> [What to work on]:
Output every entry below word for word, without its pictures.

------ Records for the exercise ------

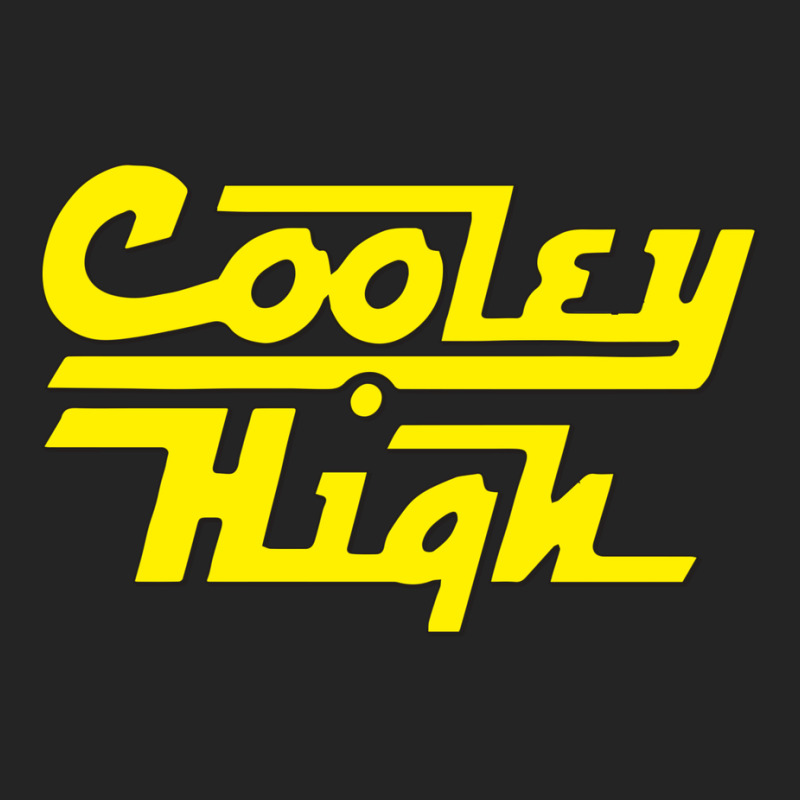 Cooley High 3/4 Sleeve Shirt by fujiogathb | Artistshot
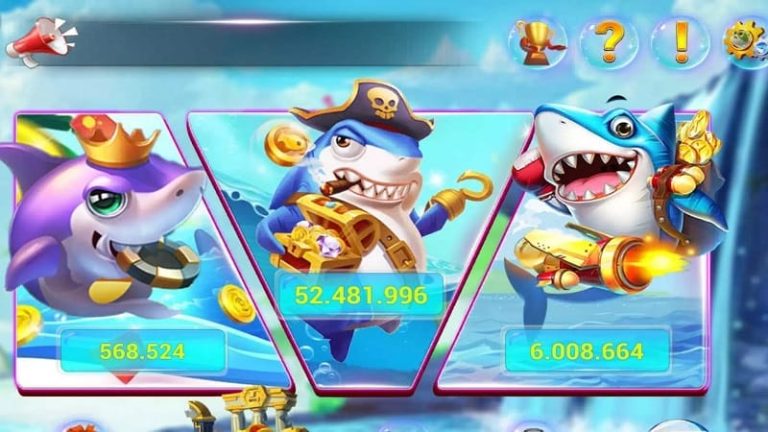 BET 888 Aprenda sobre o cenário do jogo Incredible Hunter.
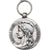 Frankrijk, Médaille d'honneur du travail, Medaille, Excellent Quality, Silvered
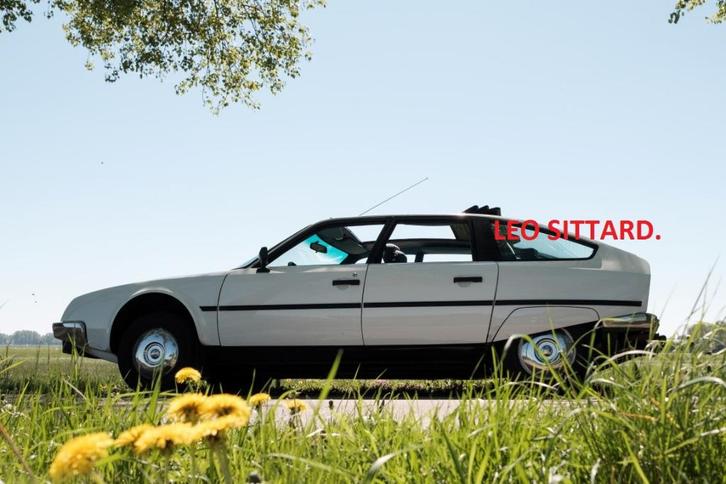 WEBASTO vouwdak in Citroen CX, Ami, BX, DS, Xantia, XM ea., Auto-onderdelen, Carrosserie, Alfa Romeo, Amerikaanse onderdelen, Audi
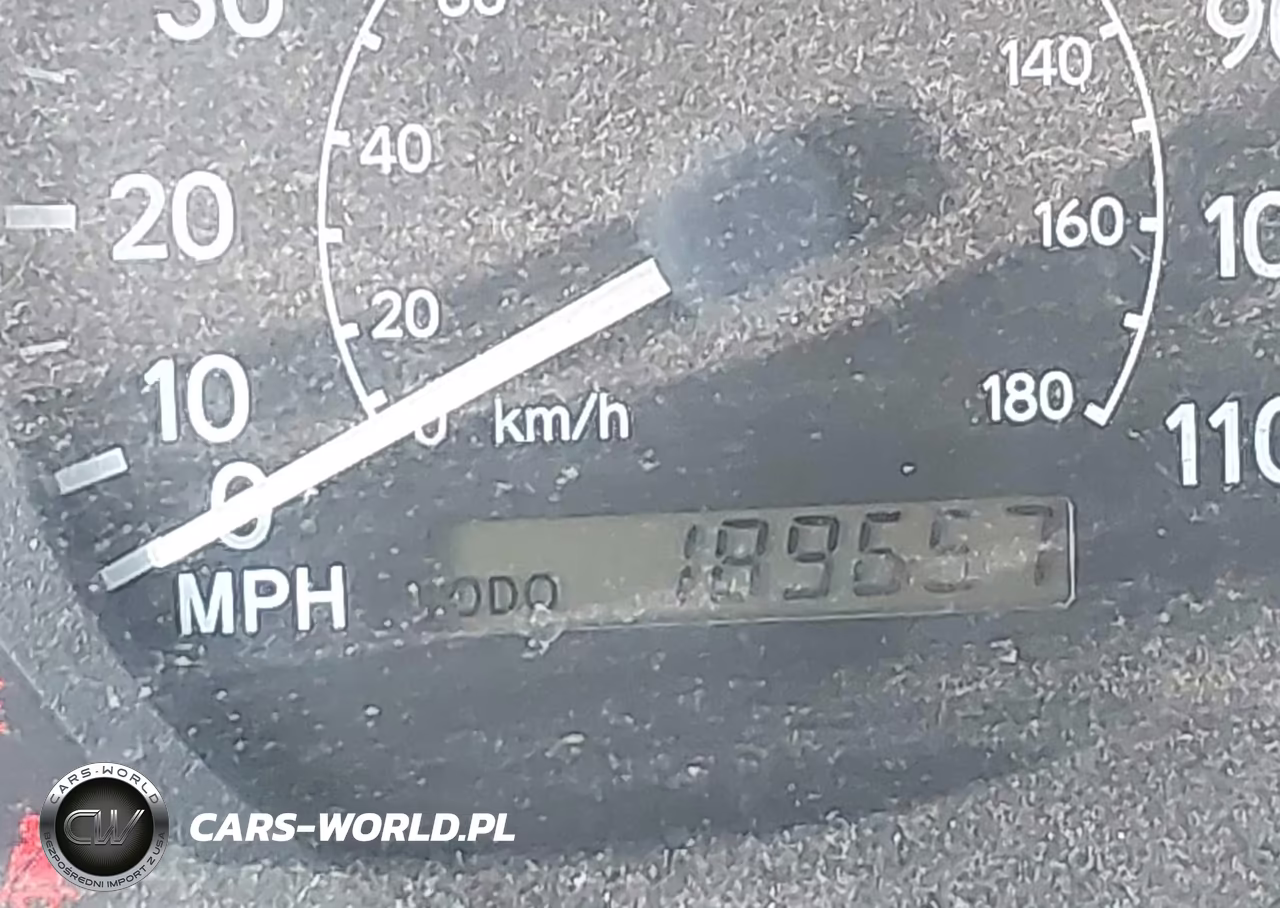 1998 Toyota Corolla Ve-Ce-Le VIN:2T1BR18E1WC082226 - 15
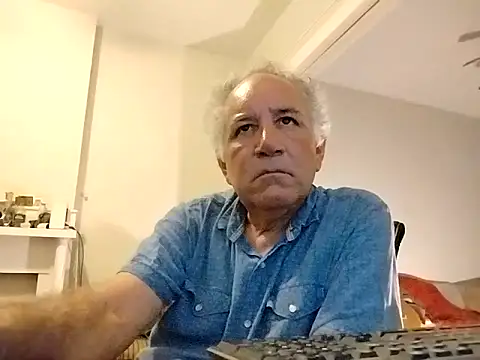 Snapshot of XXCUTHULU23 chatting on 09-25-25, 07:56 XXCUTHULU23 online show from 09-25-25, 07:56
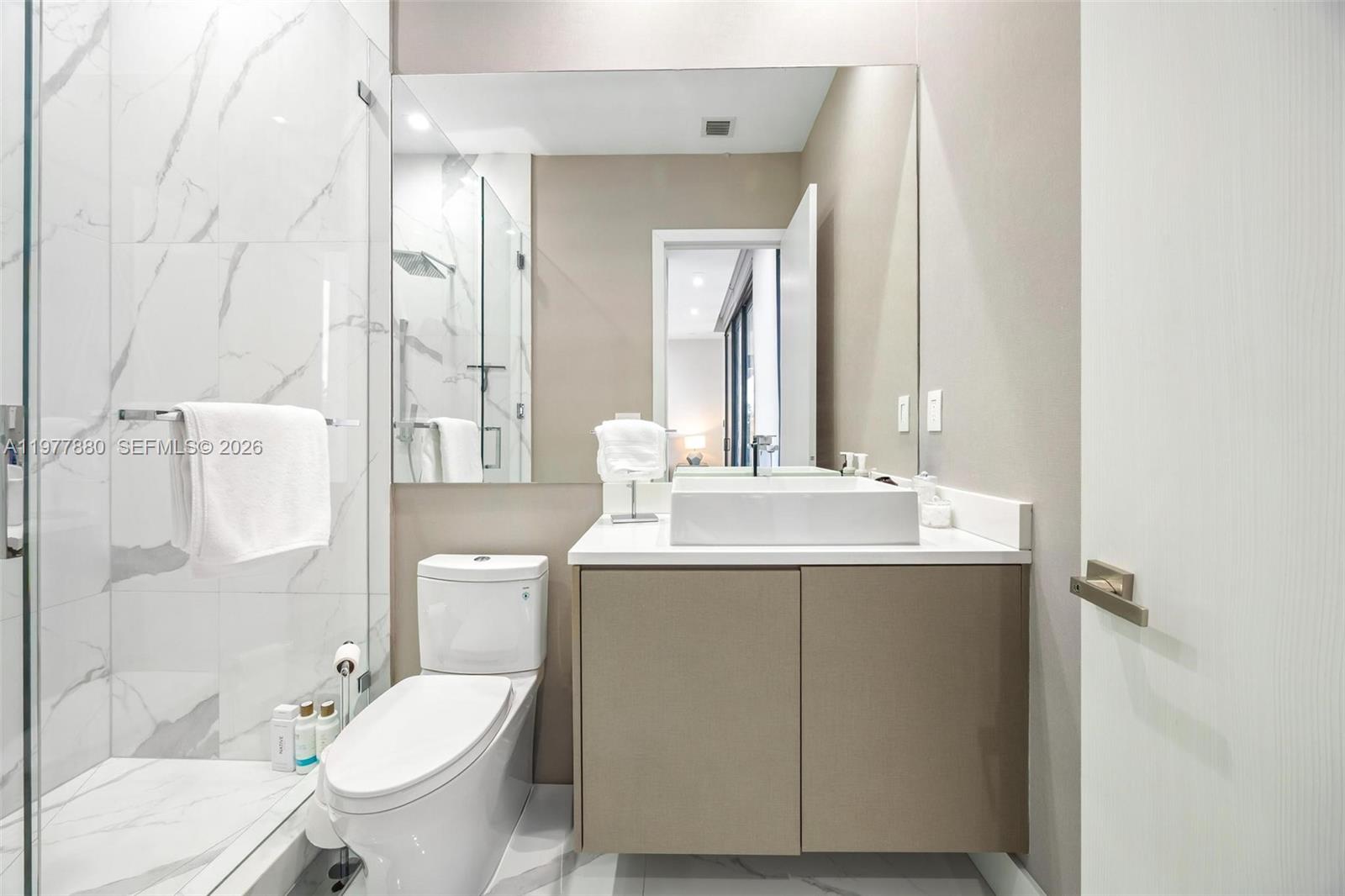 3367 NE 168th St #__ North Miami Beach, FL 33160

------

> [Result of the exercise]:
 Cooley High 3/4 Sleeve Shirt by fujiogathb | Artistshot
 BET 888 Aprenda sobre o cenário do jogo Incredible Hunter.
 Frankrijk, Médaille d'honneur du travail, Medaille, Excellent Quality, Silvered
 WEBASTO vouwdak in Citroen CX, Ami, BX, DS, Xantia, XM ea., Auto-onderdelen, Carrosserie, Alfa Romeo, Amerikaanse onderdelen, Audi
 1998 Toyota Corolla Ve-Ce-Le VIN:2T1BR18E1WC082226 - 15
 Snapshot of XXCUTHULU23 chatting on 09-25-25, 07:56 XXCUTHULU23 online show from 09-25-25, 07:56
 3367 NE 168th St #__ North Miami Beach, FL 33160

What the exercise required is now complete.